6. For the year 1987-88 the University of Health Sciences called for applications for admission to 2nd Post-Graduate Course (Super specialities in various subjects). The dispute in this writ petition relates to admission to M.Ch. Genito Urinary Surgery. The eligibility for applying the said course is M.S. General Surgery or M.D. Obstetrics and Gynaecology. It may be noted here that there are three seats in the State -- two in Osmania Medical College (OMC) Hyderabad and one in Andhra Medical College (AMC) Visakha-patnam. Four candidates applied for admis-

sion to the said course whose rank on the basis of marks obtained in the entrance test is as under:

Marks 1. Dr. Subbarao 88/100 2. Dr. Muralikrishna 87/100 3. Dr. B. Ramesh 86/100 4. Dr. Madhukar 83/100 Candidates at serial Nos. 1 and 2 were admitted to the said course. The petitioner who did his M.B.B.S. (First Degree) from Andhra University and M. S. General Surgery from All India Institute of Medical Sciences, New Delhi, and who ranks third in the merit list challenged the admission of the 4th respondent initially on the ground that the allotment of seats region wise was illegal, arbitrary and mala fide as, according to him, the admissions should have been made on the basis of merit and not on the basis of region. Later, he amended the prayer in the writ petition and sought a declaration that Art. 371D of the Constitution of India is violative of the basic structure of the Constitution or alternatively to declare that the non-exclusion of the Super Speciality Second Post Graduate Discipline of M.Ch. (Genito-Urinary Surgery) from the purview of the A. P. Educational Institutions (Regulation of Admissions) Order, 1974 is violative of Article 371D of the Constitution of India and ultra vires the powers of President of India under the said Article.

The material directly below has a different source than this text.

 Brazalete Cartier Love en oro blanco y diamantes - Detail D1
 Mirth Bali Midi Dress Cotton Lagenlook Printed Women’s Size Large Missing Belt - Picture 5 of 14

7. The Registrar of the University of Health Sciences filed counter-affidavit for the University. He states that three seats are available in the said course -- two in Osmania University Medical College, Hyderabad and one in Andhra Medical College, Vizag -- and that the said course is not a Statewide course. It is also stated that the procedure prescribed in Annexure III to G.O.P. No. 646 Education dated 16-7-1979 has to be followed, that as per sub-clause (2) of the said G.O. 85 per cent of the available seats have to be reserved for local candidates and that one seat out of two seats in Osmania University Medical College and one seat in Andhra Medical College, Visakhapatnam were treated as unreserved to which candidates belonging to all the regions can compete. It is denied that there has been any allocation of seats regionwise. It is stated that according to the marks obtained by the candidates two unreserved seats have been allotted on the basis of merit and one reserved seat in Osmania Medical College has been allotted to a local candidate. The petitioner could not secure admission to the course on the basis of his merit and is claiming a seat on regional basis which is not permissible.

8. Sri Raghuram, the learned counsel for the petitioner, submits that the aim and object of enacting Article 371D is to provide equal opportunity to the candidates of different local areas of the State for whom 85 per cent of the available seats are reserved; in so far as 15 per cent unreserved seats are concerned, they should be thrown open to the candidates of other States but non-locals as defined in the Presidential Order are alone entitled to compete for them. The consequence of not making the unreserved 15% seats available to all the eligible candidates including those of the other States, according to the learned counsel, is that candidates of our State are unable to compete and secure admission in other States. Therefore para 11 of G.O.P. 646 dt. 10-7-1979 has to be declared ultra vires Art. 371D, the Presidential Order and also violative of Articles 14 and 16 of the Constitution.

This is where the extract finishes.